REQUIRED WORK — Transcribe word for word each line from the one containing "Peri Peri Pizza Al Baik" to the final line of the data, both included. Skip the pictures.

DATASET SECTION section start

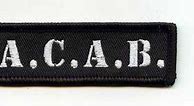 Image result for Acab Back Patch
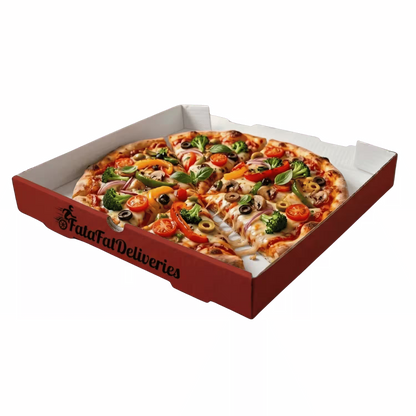 Peri Peri Pizza Al Baik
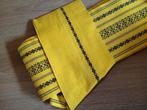 Traditionele Japanse obi hanhabaobi hakata gele yellow, Ophalen of Verzenden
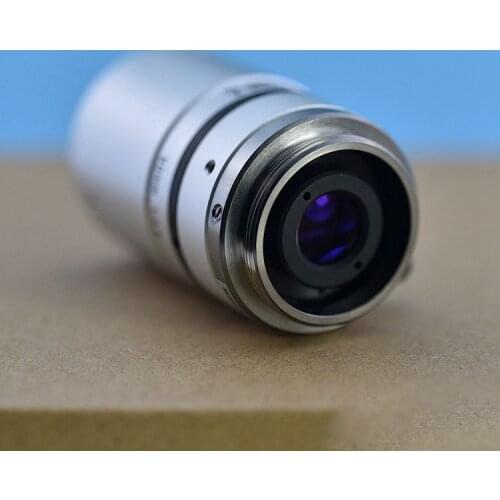 Used secondhand original U-TRON FV5025 megapixel low distortion 50mm 1:2.5 industry lens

DATASET SECTION section end

ANSWER BELOW —
 Peri Peri Pizza Al Baik
 Traditionele Japanse obi hanhabaobi hakata gele yellow, Ophalen of Verzenden
 Used secondhand original U-TRON FV5025 megapixel low distortion 50mm 1:2.5 industry lens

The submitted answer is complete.